The first level is that on a single listener port, we only have one thread pulling data off the socket queue,(versus, say TCP, where you can easily spin a thread per connection, or have worker threads like some of the other connectors. I considered whether this is a real bottleneck, whether the jRuby socket code is pretty efficient. Jordan Sissel has experiments suggesting the TCP socket code is capable of >100k msg/sec on a single conn, so it follows that the UDP socket should be similar. So, I could write a new socket connection handler, but I’m not sure that’s really our bottleneck. And if it is, we can use multiple sockets to effectively “multi-thread” and that’s way easier than writing nonblocking socket code.

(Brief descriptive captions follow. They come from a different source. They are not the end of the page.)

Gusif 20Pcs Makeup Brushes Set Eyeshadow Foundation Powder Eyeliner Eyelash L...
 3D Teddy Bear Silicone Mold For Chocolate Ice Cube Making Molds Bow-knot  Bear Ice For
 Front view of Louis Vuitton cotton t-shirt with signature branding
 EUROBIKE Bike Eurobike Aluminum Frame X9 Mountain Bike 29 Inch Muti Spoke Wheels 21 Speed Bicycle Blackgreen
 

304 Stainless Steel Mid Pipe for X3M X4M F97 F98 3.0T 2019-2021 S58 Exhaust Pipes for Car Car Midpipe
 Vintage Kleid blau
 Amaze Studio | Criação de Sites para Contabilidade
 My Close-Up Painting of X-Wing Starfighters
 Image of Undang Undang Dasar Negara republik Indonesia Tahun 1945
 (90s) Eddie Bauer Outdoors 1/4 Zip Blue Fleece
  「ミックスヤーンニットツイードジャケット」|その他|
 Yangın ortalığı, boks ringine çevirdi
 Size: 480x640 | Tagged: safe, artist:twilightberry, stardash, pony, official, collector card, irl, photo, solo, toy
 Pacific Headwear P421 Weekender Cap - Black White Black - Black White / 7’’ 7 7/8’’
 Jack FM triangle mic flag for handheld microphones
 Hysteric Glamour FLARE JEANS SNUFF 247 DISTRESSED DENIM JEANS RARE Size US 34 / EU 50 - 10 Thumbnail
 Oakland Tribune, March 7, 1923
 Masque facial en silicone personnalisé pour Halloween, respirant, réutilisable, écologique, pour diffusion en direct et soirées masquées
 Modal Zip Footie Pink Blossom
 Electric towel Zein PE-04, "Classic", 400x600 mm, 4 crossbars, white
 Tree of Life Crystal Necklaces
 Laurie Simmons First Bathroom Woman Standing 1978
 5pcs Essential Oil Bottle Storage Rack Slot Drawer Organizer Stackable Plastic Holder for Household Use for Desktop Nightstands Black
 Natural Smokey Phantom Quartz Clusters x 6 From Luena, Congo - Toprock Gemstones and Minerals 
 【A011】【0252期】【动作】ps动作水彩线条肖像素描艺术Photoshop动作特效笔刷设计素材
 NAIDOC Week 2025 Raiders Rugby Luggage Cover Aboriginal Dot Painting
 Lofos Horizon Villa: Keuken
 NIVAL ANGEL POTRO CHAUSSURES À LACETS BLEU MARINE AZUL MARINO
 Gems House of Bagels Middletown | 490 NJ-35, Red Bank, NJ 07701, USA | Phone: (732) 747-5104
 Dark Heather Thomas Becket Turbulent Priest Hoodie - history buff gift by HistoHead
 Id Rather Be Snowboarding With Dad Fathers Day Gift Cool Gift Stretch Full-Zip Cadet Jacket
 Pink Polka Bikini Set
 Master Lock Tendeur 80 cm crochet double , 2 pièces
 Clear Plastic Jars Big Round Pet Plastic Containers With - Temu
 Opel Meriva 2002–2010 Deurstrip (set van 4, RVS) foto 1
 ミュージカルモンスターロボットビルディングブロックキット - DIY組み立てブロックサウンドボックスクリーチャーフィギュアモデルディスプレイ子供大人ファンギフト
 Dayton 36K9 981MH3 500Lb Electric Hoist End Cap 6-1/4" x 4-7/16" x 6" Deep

The second level I believe is that every single UDP datagram that gets pulled off the socket buffer is getting decoded, validated as UTF-8, converted TO UTF-8 as needed, transformed into an event, and then pushed into the plugin output_queue for filter processing. This is all done serially, on a single thread, inline with the datagram being pulled off the buffer. I think we’re massively hitting this because our delimiters are not UTF-8, but I’m betting this is typical with lots of users having Windows-1252 or ISO-8859-1 or whatever is spewed out. Other users are reporting ~500/sec rates…
So what did I change... I added an input queue so that the main udp plugin thread can just pull data off the socket queue as fast as possible. I set up worker thread pool, with the worker threads configurable in the config file. These threads pull from the input queue and do all the decode/transform/convert work, then output the cooked events.
In prod, I was able to eliminate data loss and handle at least 2x the traffic we’re processing, using two workers and any buffer size >2,000.
I’ve been trying to do some pure benchmarking, but so far I can’t seem to replicate the ~600 msg/sec bottleneck we saw in prod. I’m easily able to do 9k+ msg/sec in test, with or without the new code.